Geological history is filled with odd events.
Depending on fossil fuels is like relying on nuclear
weapons. Mankind will probably
muddle along and cope with its diverse problems, but there is a chance that
greenhouse warming will trigger some cataclysmic climatic event.
A vague premonition of some potential future disaster is, however,
insufficient grounds to plunge the world into depression, particularly when it
faces present challenges and perils aplenty.
But if scientists can identify the probability of catastrophic risks,
people and governments can then rationally decide how much “climate
insurance” to buy.
The threat of unforeseen calamity argues for more aggressive action against greenhouse gases than a straightforward economic analysis would suggest. On the other hand, the likelihood that further scientific analysis will resolve climatic uncertainties suggests postponing action until knowledge is more secure. The best investment today may be learning about climate change rather than preventing it.
So what should be done today to respond to the threat of global warming over the next century? I suggest the following portfolio of measures:
·
International co-operation. It
is essential to remember that climatic change is a global issue.
Efficient policies will involve steps by all countries.

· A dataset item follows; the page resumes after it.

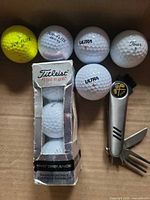 Assortment of used golf balls, Titleist box, multi-tool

In order to induce international co-operation, affluent nations will need
to expand the concept of foreign aid to include subsidizing environmental
improvement by poor nations. Unilateral
action may be better than nothing, but concerted action is better still.
·
Better information. Scientists
must improve their understanding of greenhouse warming.
More monitoring of the global environment and analysis of past climatic
records is needed. So is a better
understanding of the economic and social impacts of past and possible future
climate change. Understanding of
climate change has improved enormously over the past two decades.

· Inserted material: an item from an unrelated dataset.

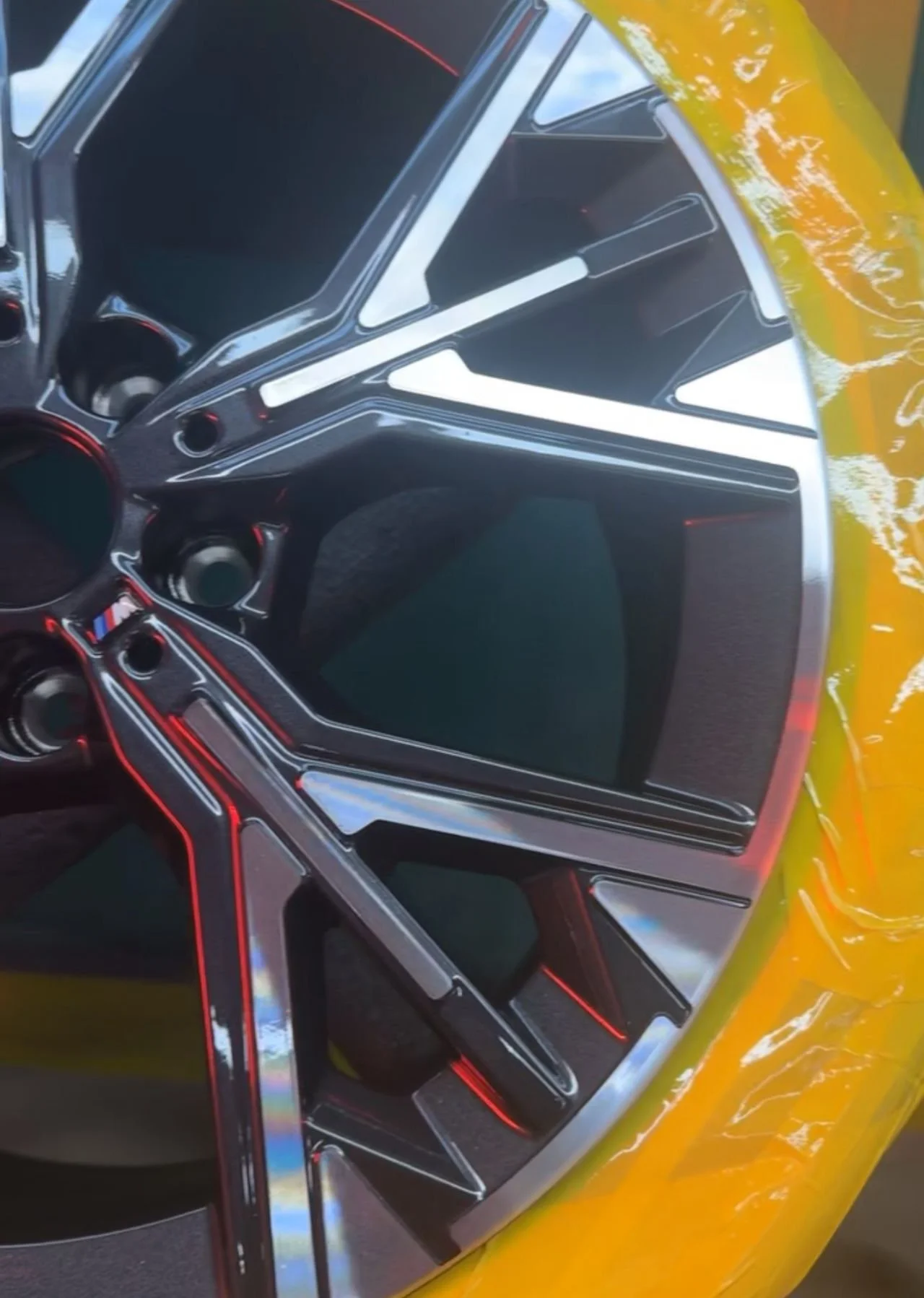 Close-up of a alloy wheel being repaired in a CNC SMART Repair Van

Further research will sharpen pencils for the tough decisions to be made
in the future.
·
New technologies. Governments
should support research and development of new technologies that will slow
climate change, particularly in the energy sector.
Energy technologies that replace fossil fuel use deserve government
support. A bolder step would be for
brave political leaders to launch an international Manhattan Project to develop
safe nuclear power. Research on
climate engineering may well be the best investment.
·
“No regret” policies. There
are countless measures that would be beneficial on other grounds and would also
tend to slow global warming. These
steps include efforts to strengthen international agreements that severely
restrict CFCs, moves to slow uneconomic deforestation, and steps to slow the
uneconomic use of fossil fuels.
·
Carbon taxes. A final policy
would be to impose environmental taxes or “fees” on the emission of
greenhouse gases, particularly carbon taxes on CO2 emissions from the
burning of fossil fuels. Recent
economic analyses suggest that a tax in the order of $5-10 per ton of CO2
equivalent would be a reasonable insurance premium to pay, given the risks to
mankind. A carbon tax would be
preferable to regulatory intervention, because taxes can harness markets to
minimize the costs of slowing climate change and would strengthen the incentive
to develop new technologies.
Like other religions, the environmental movement needs a
catechism of homilies. If I could
write one to be read at eco-gatherings, it might go as follows:
The threat of climate change is uncertain. It may fade away or succumb to a cheap engineering solution. Or it might conceivably prove ruinous. But we face many perils. And humans have shown the capacity to inflict great harm on themselves through ill-designed schemes, as this century’s socialist experiment clearly shows. Therefore move cautiously, gather information and use markets wherever possible.